When I was coming up with recipes to include in my Clean Eating Instant Pot Cookbook, I knew I wanted to include my own take on this great recipe. While mine isn’t exactly the same as theirs — and definitely isn’t authentic Thai cuisine — it has quickly become a favorite of ours.
It comes together quickly, is full of flavor, and is made with simple, affordable ingredients.
To make this Instant Pot Basil Chicken, you’ll need:
- Ground Chicken. I use 93% lean chicken. This has some dark meat mixed in for a more robust flavor and extra moisture.
- Shallot. Shallots have a sweeter and milder flavor than onions and go really well in this recipe.
- Gluten-Free Fish Sauce. Fish sauce is a must! It gives this basil chicken it’s signature umami flavor.
- Coconut Aminos or Tamari. Coconut aminos or tamari keep this recipe gluten-free. If that isn’t a concern for you, you can use low sodium soy sauce.
- Chili Pepper Paste. As written, this recipe is pretty mild so go ahead and add more if you like things spicy!
- Red Bell Pepper.
- Fresh Green Beans.
- Fresh Basil.
Serving Suggestion: Enjoy this recipe on its own or, for a more substantial meal, serve it with a side of cauliflower rice or brown rice.
How to make Instant Pot basil chicken
Start by using the saute function to brown your chicken. Make sure you stir it around a little so it breaks up.
Add the shallot, bell pepper, soy sauce, fish sauce, and chili-garlic sauce. Give it a stir, then lock the lid in place and cook under high pressure for 2 minutes. This will cook the vegetables and infuse the flavor of the sauce into the chicken.
Next, add the green beans and return the lid to the pot. Let it sit for 5 minutes, until the beans are steamed to your liking.
Finally, stir in the basil and serve!
Pro Tip: I really hate mushy green beans, so I add them at the end instead of cooking them along with the other ingredients. The residual heat from the pot will steam the beans perfectly, so they’ll still have a little snap to them.
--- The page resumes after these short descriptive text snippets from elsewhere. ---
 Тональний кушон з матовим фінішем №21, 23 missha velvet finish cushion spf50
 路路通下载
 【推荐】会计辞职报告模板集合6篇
Substitutions and Variations
Switch up the meat. Tired of chicken? This recipe is also delicious when made with ground pork, beef, or tofu! You can also use frozen shrimp — just skip the browning step.
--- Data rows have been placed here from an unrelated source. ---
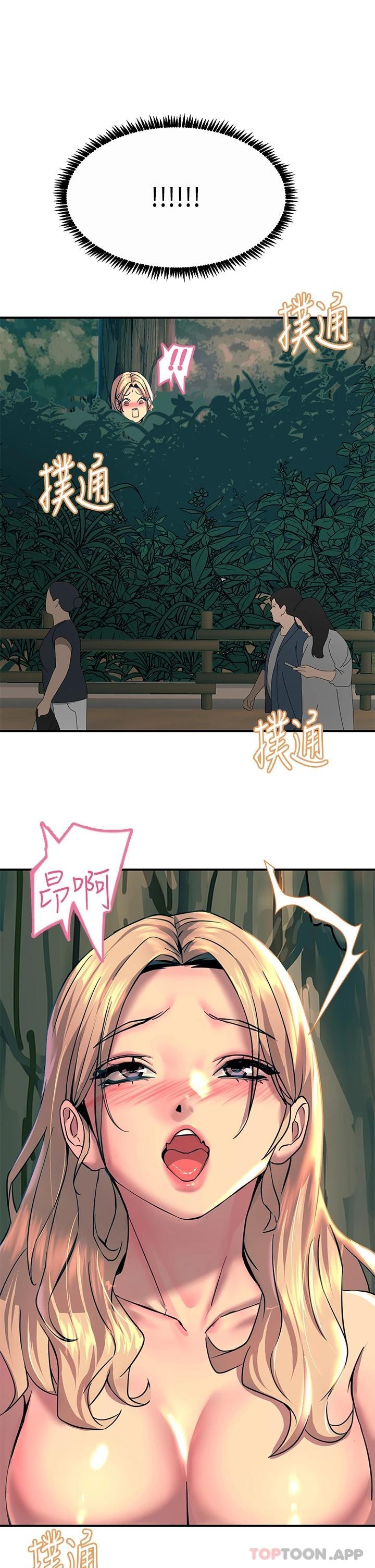 触电大师第31话-我要你永远属于我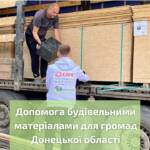 Підтримка там, де вона потрібна найбільше. Щодня життя людей у прифронтових районах змінюється, залишаючи…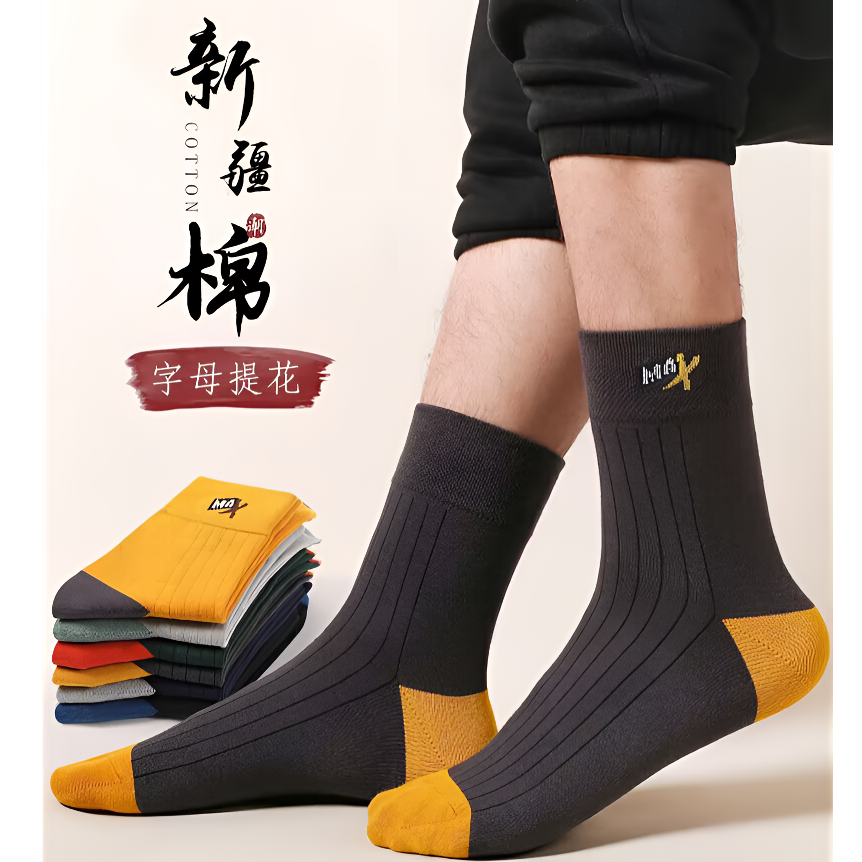 【新疆吸汗防臭】男士高档防臭运动袜新款流行子买一送一到手10双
No shallot? No problem. Use 1/4 cup of thinly sliced red onion instead.
Try frozen green beans instead of fresh. Just keep in mind that they won’t have the same texture. You could also swap the green beans for frozen broccoli.
Swap the peppers. If you have orange or yellow peppers in your fridge, go ahead and use those instead of the red pepper. You can also use green bell pepper, but it will have a sharper, less sweet flavor.
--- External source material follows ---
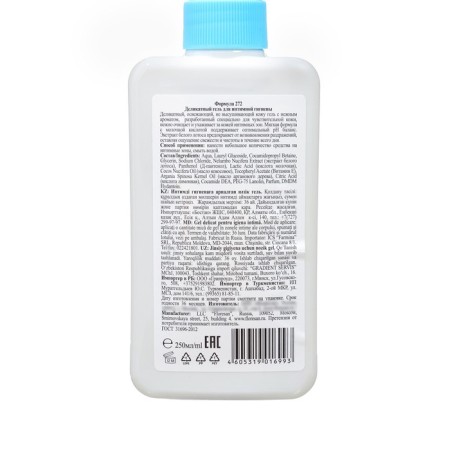 Delicate gel for intimate hygiene Floresan, 250 ml-1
Make it on the stovetop. If you don’t have an Instant Pot, you can make this recipe on the stove. After your brown the chicken, stir in the shallots, pepper, and seasonings and stir-fry for 2-3 minutes, or until the vegetables are soft. Add the green beans and basil and cover. Reduce the heat to low and cook for 5-6 minutes, or until the green beans are cooked through.
For a more authentic flavor, use Thai basil which has a stronger, licorice-like flavor.
More take-out inspired recipes to make at home
- Instant Pot Chicken Carnitas
- Air Fryer Empanadas
- Cauliflower Fried Rice
- Baked Chicken Tenders
- Citrusy Shrimp Ceviche
- 2 teaspoons olive oil
- 1 1/2 pounds ground chicken
- 1 red bell pepper, seeded and sliced
- 1 shallot, finely chopped
- 1 tablespoon all-natural chile pepper paste
- 1/2 cup water
- 1 teaspoon coconut aminos or tamari
- 1 Tablespoon gluten-free fish sauce
- 1/2 pound fresh green beans
- 1 cup whole fresh basil leaves
- Select Saute on the Instant Pot and pour in the olive oil. When the oil is hot, add the chicken and cook for 2 to 3 minutes to brown, stirring occasionally to break up the meat. Press Cancel.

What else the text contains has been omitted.